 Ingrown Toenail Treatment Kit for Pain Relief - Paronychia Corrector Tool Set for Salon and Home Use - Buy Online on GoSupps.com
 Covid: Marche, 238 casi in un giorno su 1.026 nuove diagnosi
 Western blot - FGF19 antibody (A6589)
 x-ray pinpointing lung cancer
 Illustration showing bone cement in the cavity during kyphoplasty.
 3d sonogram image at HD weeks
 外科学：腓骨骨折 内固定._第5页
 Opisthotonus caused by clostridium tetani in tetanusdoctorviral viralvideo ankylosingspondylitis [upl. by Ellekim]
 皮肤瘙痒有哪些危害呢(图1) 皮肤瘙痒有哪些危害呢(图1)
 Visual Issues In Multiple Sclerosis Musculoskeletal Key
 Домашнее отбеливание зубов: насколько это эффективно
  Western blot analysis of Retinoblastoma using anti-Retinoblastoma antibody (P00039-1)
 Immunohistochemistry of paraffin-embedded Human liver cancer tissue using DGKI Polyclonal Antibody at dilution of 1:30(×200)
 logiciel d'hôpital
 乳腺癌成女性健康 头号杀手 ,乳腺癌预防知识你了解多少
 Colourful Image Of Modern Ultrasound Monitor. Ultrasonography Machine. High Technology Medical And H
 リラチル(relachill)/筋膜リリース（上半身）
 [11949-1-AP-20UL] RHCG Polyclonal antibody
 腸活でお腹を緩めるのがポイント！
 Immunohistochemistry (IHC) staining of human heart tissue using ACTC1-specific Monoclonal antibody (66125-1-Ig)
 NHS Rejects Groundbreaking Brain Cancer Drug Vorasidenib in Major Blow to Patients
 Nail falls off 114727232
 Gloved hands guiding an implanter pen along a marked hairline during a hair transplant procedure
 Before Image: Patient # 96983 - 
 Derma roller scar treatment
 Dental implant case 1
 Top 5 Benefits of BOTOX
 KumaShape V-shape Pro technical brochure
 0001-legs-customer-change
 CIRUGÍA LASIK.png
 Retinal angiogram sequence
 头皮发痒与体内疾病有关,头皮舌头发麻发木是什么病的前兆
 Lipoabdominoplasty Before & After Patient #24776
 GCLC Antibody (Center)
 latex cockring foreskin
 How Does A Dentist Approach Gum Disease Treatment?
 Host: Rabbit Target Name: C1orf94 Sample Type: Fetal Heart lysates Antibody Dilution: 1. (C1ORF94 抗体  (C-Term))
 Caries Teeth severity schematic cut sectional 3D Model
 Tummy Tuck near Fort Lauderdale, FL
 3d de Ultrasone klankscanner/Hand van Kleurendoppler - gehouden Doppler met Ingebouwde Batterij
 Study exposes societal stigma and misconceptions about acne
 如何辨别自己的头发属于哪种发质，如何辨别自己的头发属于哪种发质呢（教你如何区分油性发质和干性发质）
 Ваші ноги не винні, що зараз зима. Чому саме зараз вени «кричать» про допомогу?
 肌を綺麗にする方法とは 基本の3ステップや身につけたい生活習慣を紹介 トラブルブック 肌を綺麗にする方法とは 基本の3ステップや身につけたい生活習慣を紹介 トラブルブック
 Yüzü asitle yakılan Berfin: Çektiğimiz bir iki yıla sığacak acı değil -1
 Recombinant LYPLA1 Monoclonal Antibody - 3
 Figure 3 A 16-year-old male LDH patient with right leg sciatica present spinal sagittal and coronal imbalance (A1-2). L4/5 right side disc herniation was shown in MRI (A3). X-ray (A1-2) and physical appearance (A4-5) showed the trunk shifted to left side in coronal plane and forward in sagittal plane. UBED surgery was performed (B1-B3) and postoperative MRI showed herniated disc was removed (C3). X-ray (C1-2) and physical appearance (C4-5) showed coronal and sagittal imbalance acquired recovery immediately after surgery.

──────

Every line above that holds the word "Polyclonal" is to be found and copied.

 Immunohistochemistry of paraffin-embedded Human liver cancer tissue using DGKI Polyclonal Antibody at dilution of 1:30(×200)
 [11949-1-AP-20UL] RHCG Polyclonal antibody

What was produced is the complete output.